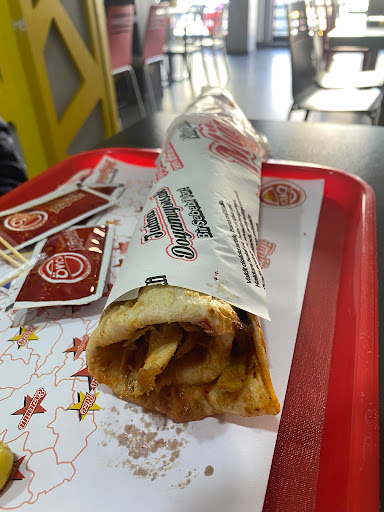 Öncü Dürüm - Malatya Malatya 
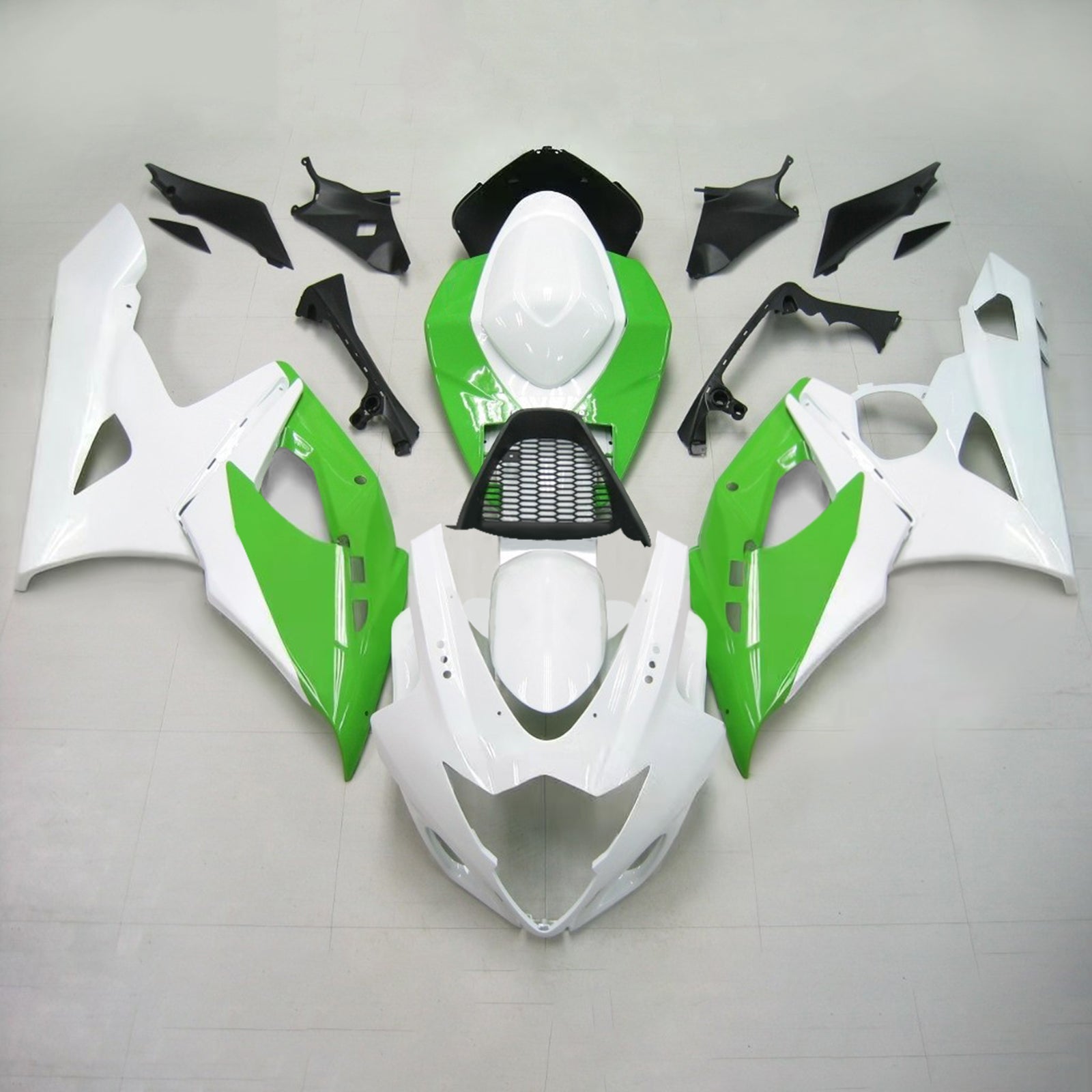 스즈키 GSXR1000 2005-2006 페어링 키트
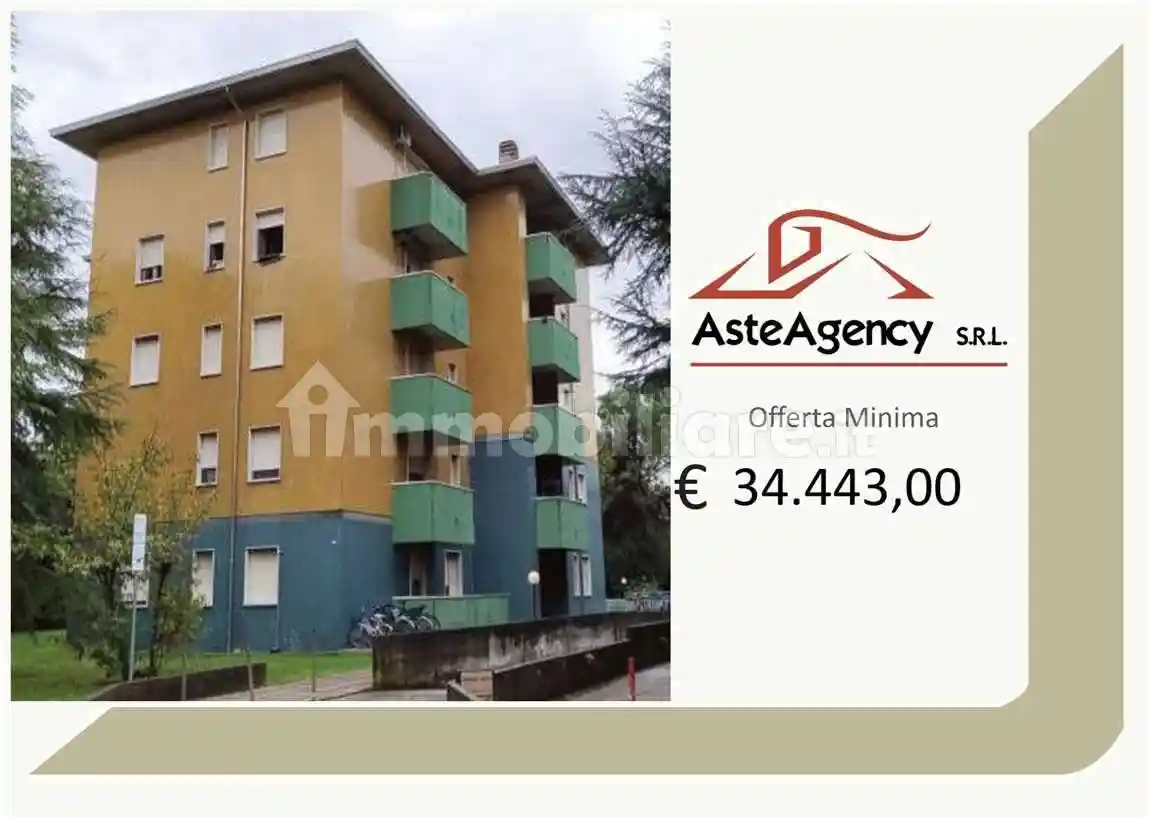 Appartamento in vendita a Pordenone
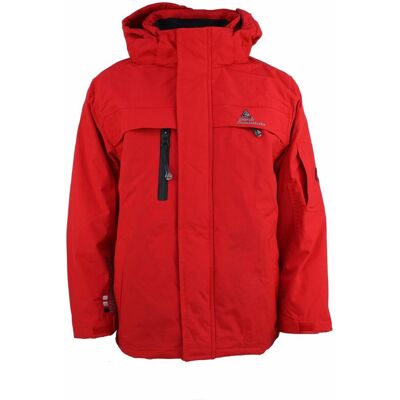 Kinderparka Peak Mountain Ecadik Rood 16 jaar oud Kinderparka Peak Mountain Ecadik Rood 16 jaar oud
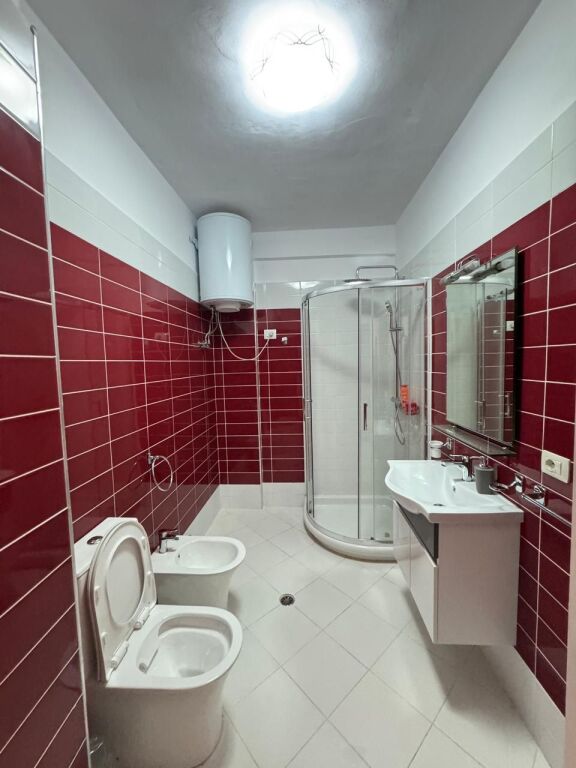🏡 Duplex Elite in Affitto 2+1+2 – Kodra e Diellit 1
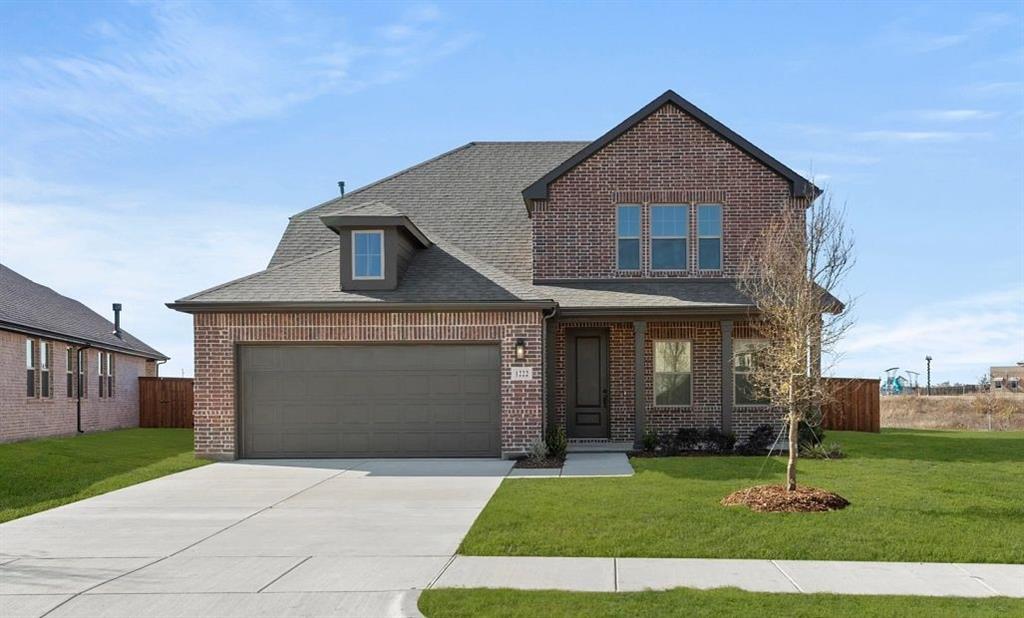 1326 Parkdale Street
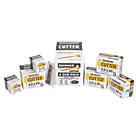 Reisser Cutter PZ Countersunk High Performance Woodscrew Trial Pack 1202 Pieces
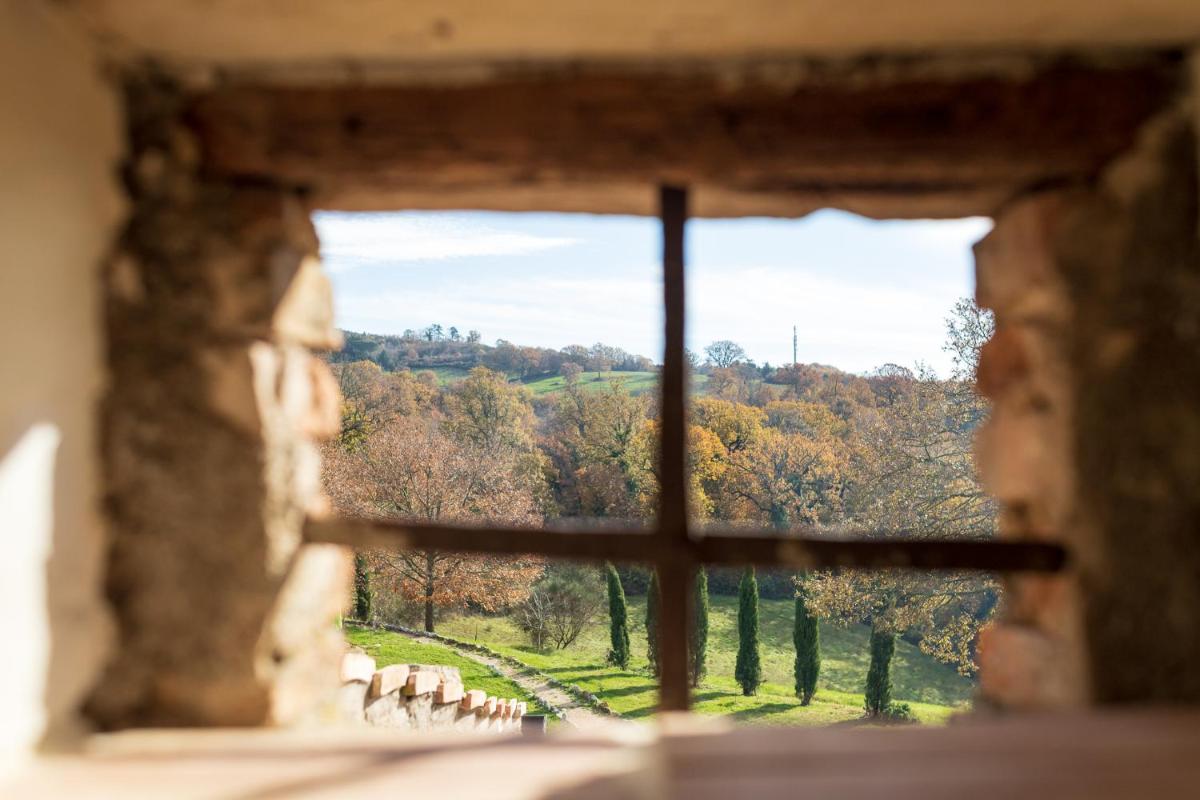 Il Podere Degli Artisti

-----

The copy must match each record exactly, apart from the images, which stay out.

 Öncü Dürüm - Malatya Malatya 
 스즈키 GSXR1000 2005-2006 페어링 키트
 Appartamento in vendita a Pordenone
 Kinderparka Peak Mountain Ecadik Rood 16 jaar oud Kinderparka Peak Mountain Ecadik Rood 16 jaar oud
🏡 Duplex Elite in Affitto 2+1+2 – Kodra e Diellit 1
 1326 Parkdale Street
 Reisser Cutter PZ Countersunk High Performance Woodscrew Trial Pack 1202 Pieces
 Il Podere Degli Artisti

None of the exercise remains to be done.